The plaintiffs adequately alleged “plus factors” that suggested that the conduct was the product of an agreement. They pled a motive to enter into a price fixing conspiracy, based on product and market characteristics, as well as the defendants’ participation in trade associations that facilitated an information exchange amongst them.

In addition, the plaintiffs alleged that the defendants raised prices during an economic downturn, which a jury could conclude was an action against self-interest—another plus factor supporting conspiracy. Lastly, the court rejected the defendants' assertions that the allegations of conspiratorial communication were “vague and unpersuasive.” The plaintiffs identified several specific communications between the defendants, and the presence of information exchanges in highly concentrated DIPF market, involving a fungible product with inelastic demand, could be indicative of anticompetitive behavior, according to the court.
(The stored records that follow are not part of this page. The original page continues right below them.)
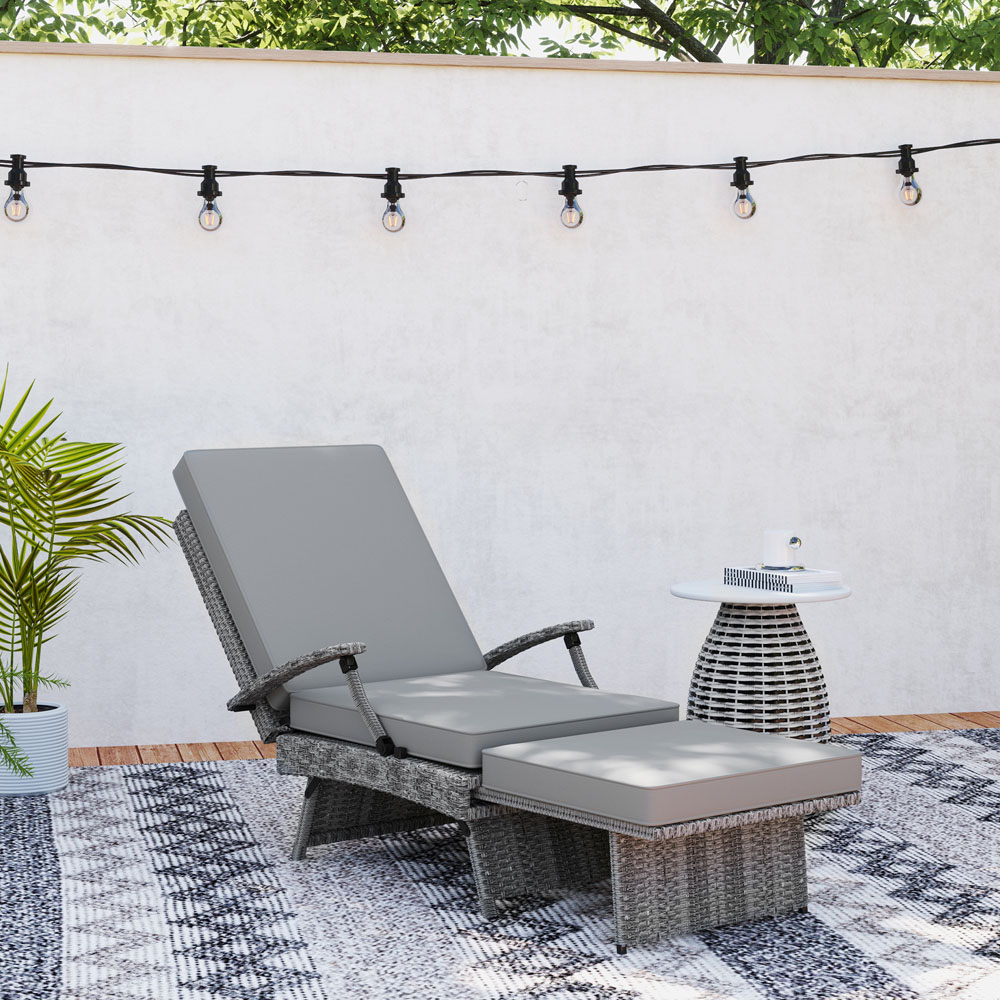 Outsunny Grey Foldable Rattan Recliner Chair with Footrest Image 3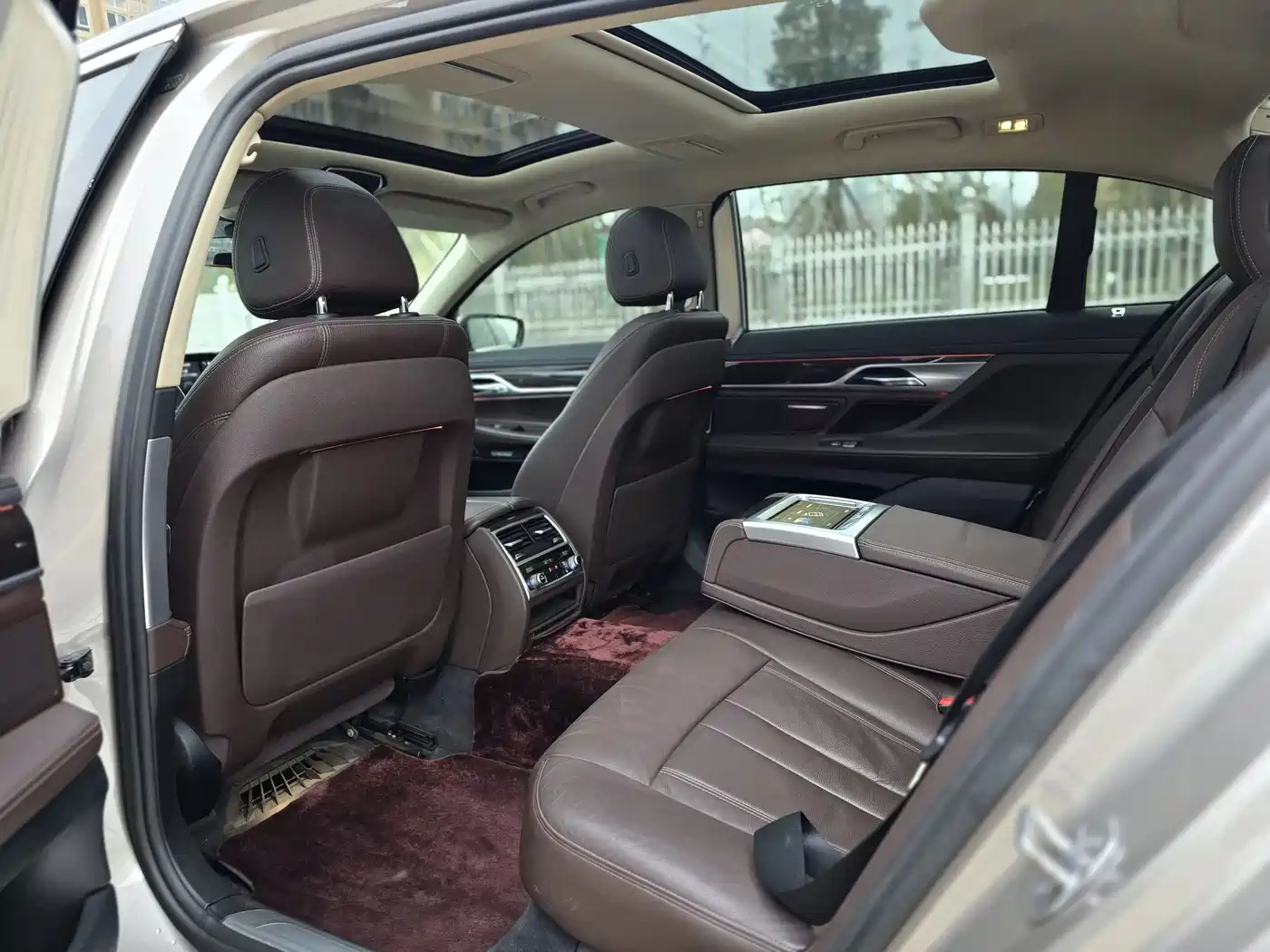BMW 7 Series 2016 730Li Leading фото 7
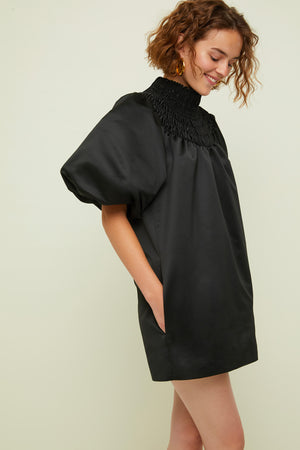 Vestito corto in raso con collo in nido d'ape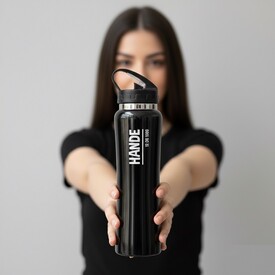  - İsimli Ve Tarihli Matara Siyah 28 Cm.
The case is Civ. No. 12-711.

Attorneys: Erik E. Sardina (Lite DePalma Greenberg LLC) for John Hoadley and Sons, Inc., Mountain States Supply, LLC, and Mountainland Supply, LLC. Erik T. Koons (Baker Botts LLP), and John J. O'Reilly (Day Pitney LLP) for McWane, Inc. Gabrielle Elise Farina (Thompson & Knight LLP), and Joseph Jacob Fleischman (Norris, McLaughlin & Marcus, PC) for Star Pipe Products, Ltd. Jason Allen Leckerman (Ballard Spahr LLP) for Sigma Corp.

Companies: John Hoadley and Sons, Inc.; Mountain States Supply, LLC; Mountainland Supply, LLC; McWane, Inc.; Star Pipe Products, Ltd.; Sigma Corp.